Ist denn die Verfärbung auch abhängig von der Wassertemperatur bzw. der Sonneneinstrahlung ?


----------



## Koi-Uwe (14. Juli 2010)

*AW: Koi's verlieren ihre Farbe*

Eher nicht,
aber bestimmt durch die Wasserhärte und das Futter. Obwohl ich gerade das Gefühl habe das, dass Schwarz etwas nachlässt.


----------



## Kimba95 (18. Juli 2010)

*AW: Koi's verlieren ihre Farbe*

Hallo,
es muß wohl an den Fischen selber liegen. Wir haben lt.

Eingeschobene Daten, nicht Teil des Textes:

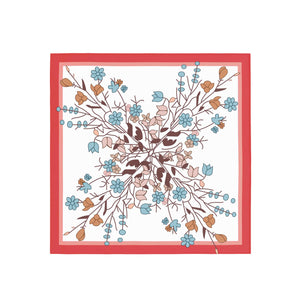 Floral design with a red border on a white background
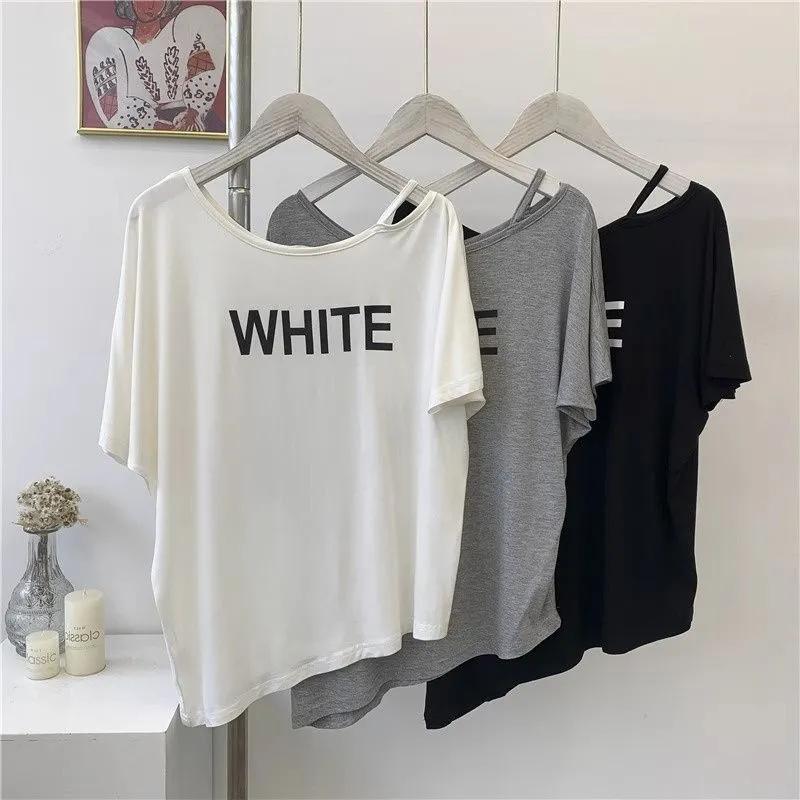 T-shirt Women Summer Printed Casual Large Size Loose Pullover Short-sleeved Yoga Tops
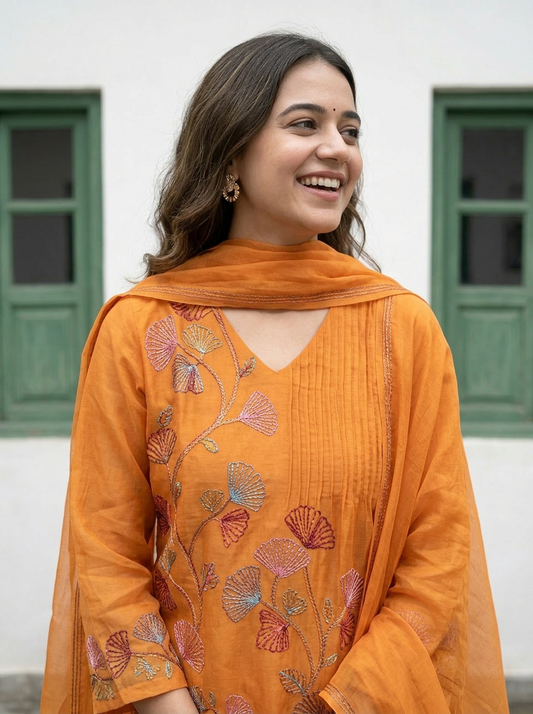 A-Line Mul Chanderi Kurta Set with Floral Embroidery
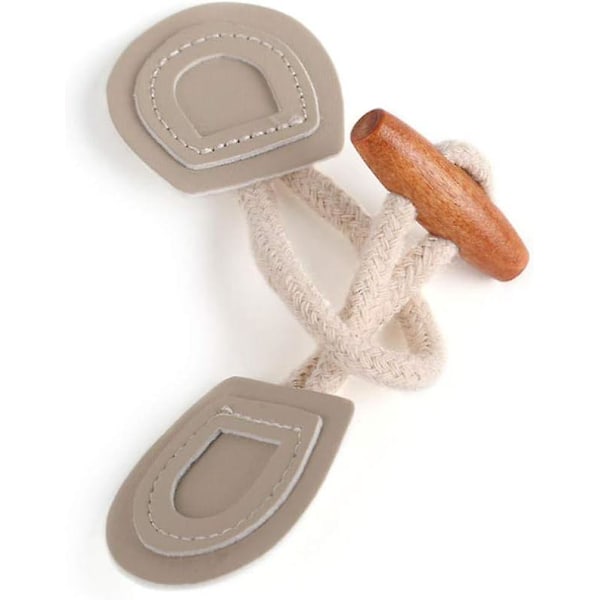 Hornknapper 16 Par Træ PU Læder Hornknapper Toggle Knap Horn Toggle Syning, til Frakke, Jakke, DIY Dekoration, 16cm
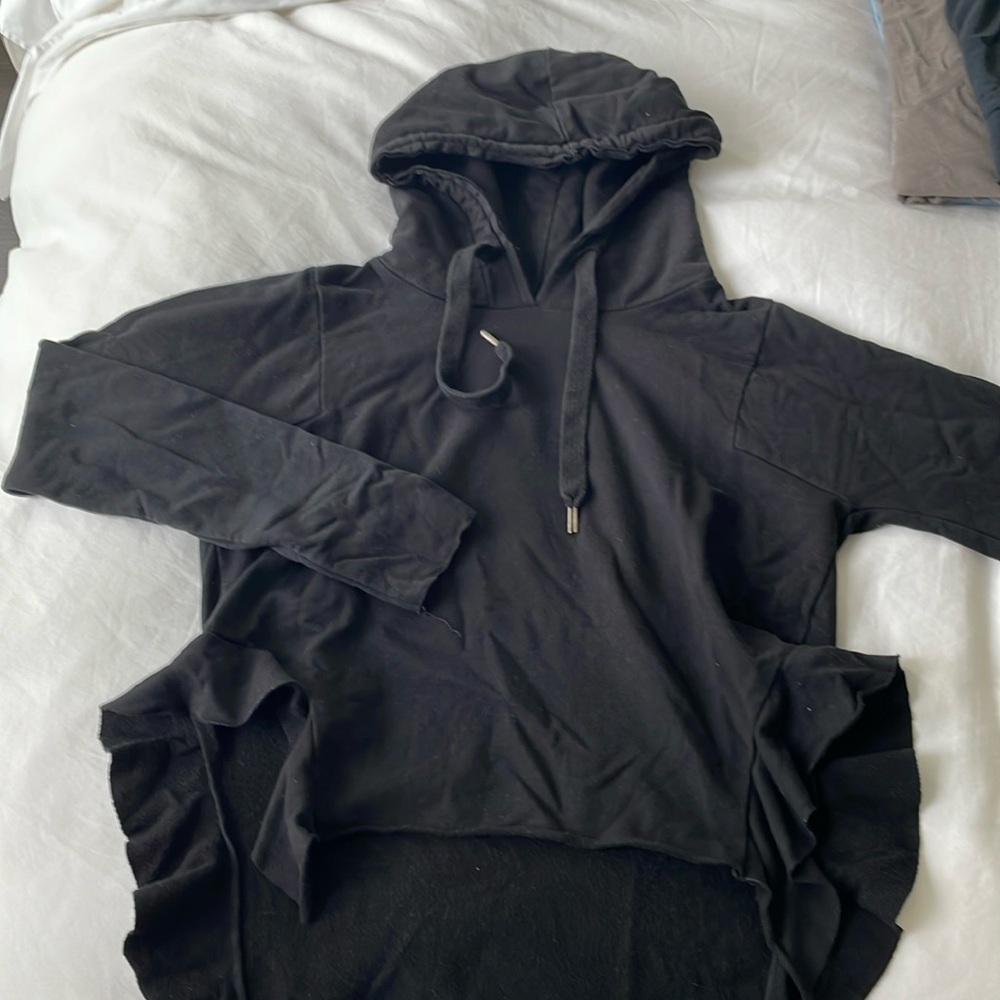 Black NSF hoodie with Ruffle details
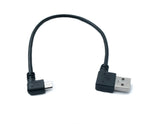 USB 2.0 Kabel 20 cm Micro B Stecker zu Typ A Stecker Left Angled Winkel | System-S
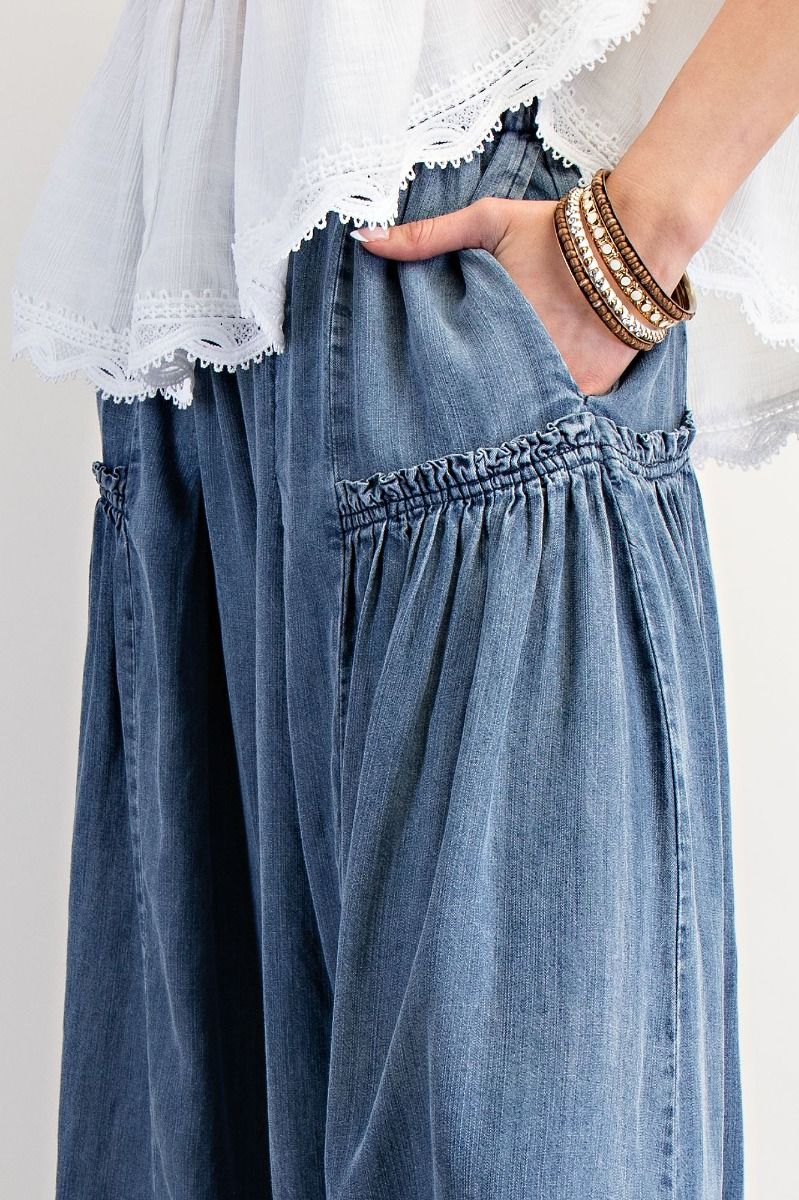 Chambray Palazzo Pants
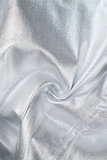 Silver Casual Solid Patchwork Skinny High Waist Conventional Solid Color Skirts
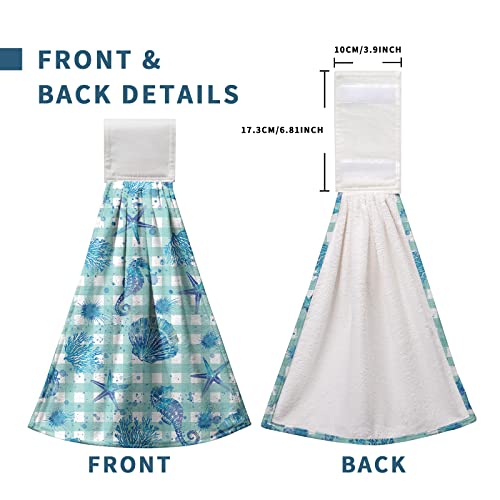 Kwlegh Coastal Starfish Seashells Bathroom Towel Nautical Seahorse Hanging Kitchen Towels Summer Beach Coral Hand Towel With Hanging Loop Soft Absorbent Dish Cloth Fingertip Tie Towels For Bath (2Pcs) #TOP2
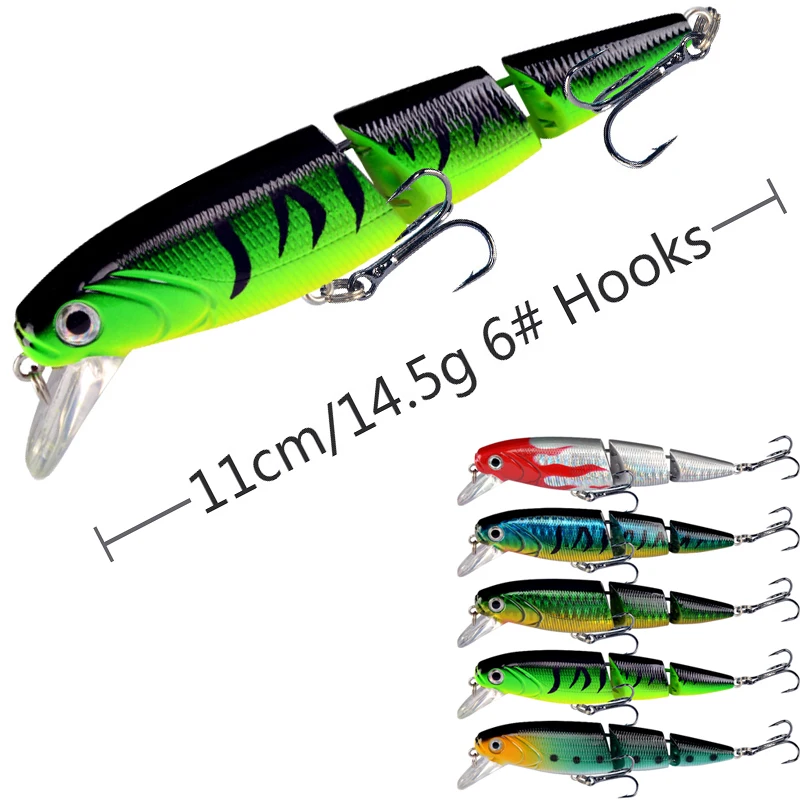 

1PCS Wobblers Fishing Lure Multi-section Hard Bait110mm 15g Artificial Bait Minnow Lure Crankbait Perch Carp Fishing Tackle Lure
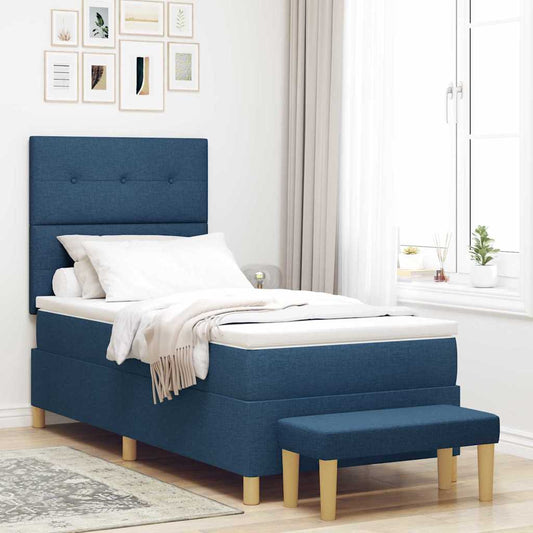 Letto a molle con cuscino con testiera Blu 200 x 80 cm Tessuto | homemem39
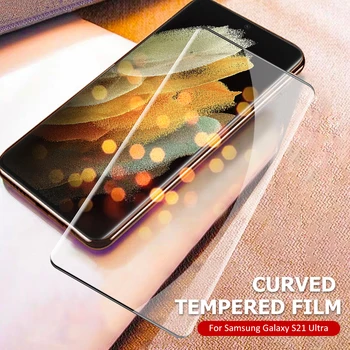 2 Gab Rūdīts Stikls Filmu Par Samsung Galaxy S21 Ultra 5G Augstas Kvalitātes Izliektas Anti-pirkstu nospiedumu Aizsargs Filmas S21 Ultra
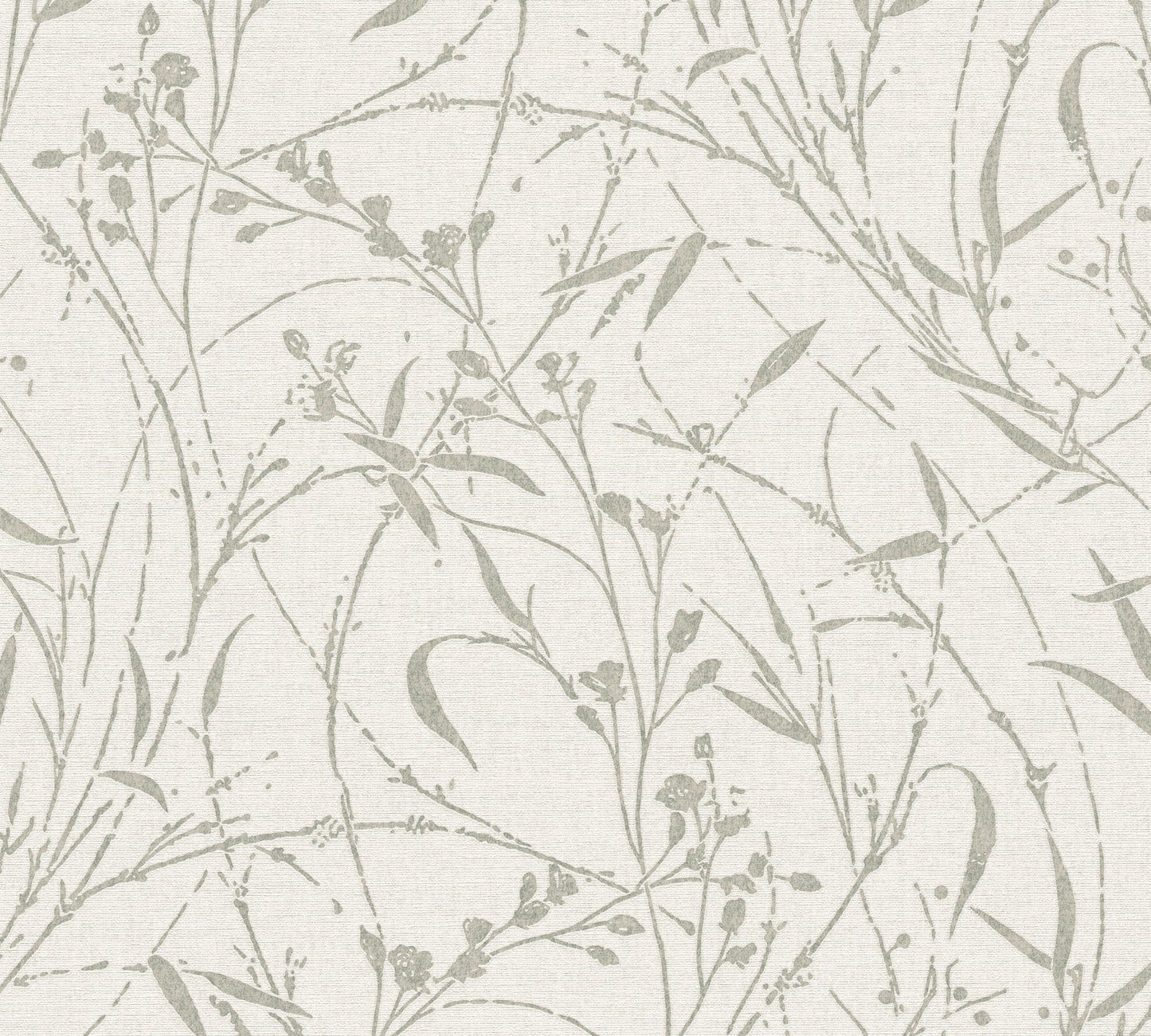Mustertapete Wildblumen Lichtgrau - 10,05 m x 0,53 m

Koi-Händler sehr gutes Futter. Der rot-weiß-schwarze hat hauptsächlich "rot" verloren und der gelbe "gelb".
Wir haben zwei neue im letzen Jahr dazu geholt (oder war es 2008?), wieder einen rot-weiß-schwarzen und einen rot-weißen. Beide haben ihre Farbe behalten und sind wunderschön. Deshalb denke ich, dass es einfach am Fisch selber liegt.
Vor zwei Monaten kam noch ein ganz gelber dazu, mal schauen, ob er seine Farbe behält.


----------



## Schwatze (18. Juli 2010)

*AW: Koi's verlieren ihre Farbe*

Hallo,

hatte das selbe Problem, bei einen Shiro Utsuri.
das Schwarz wurde immer blasser, habe mit einen guten Freund darüber gesprochen und der meinte, ich sollte die Wasserwerte prüfen.
Besonders den GH Wert und der lag unter 6°.
Durch einen TWW habe ich die Werte stabil bekommen und nach 3 Wochen kann ich sagen,
das sich die Farben zurückbilden.
Auch das Futter habe ich komplett umgestellt, sonst hatte ich noch etwas preiswerteres Futter untergemischt, jetzt gibt es nur noch Koi Collor + 6% Spirulina.

Gruß Lutz


----------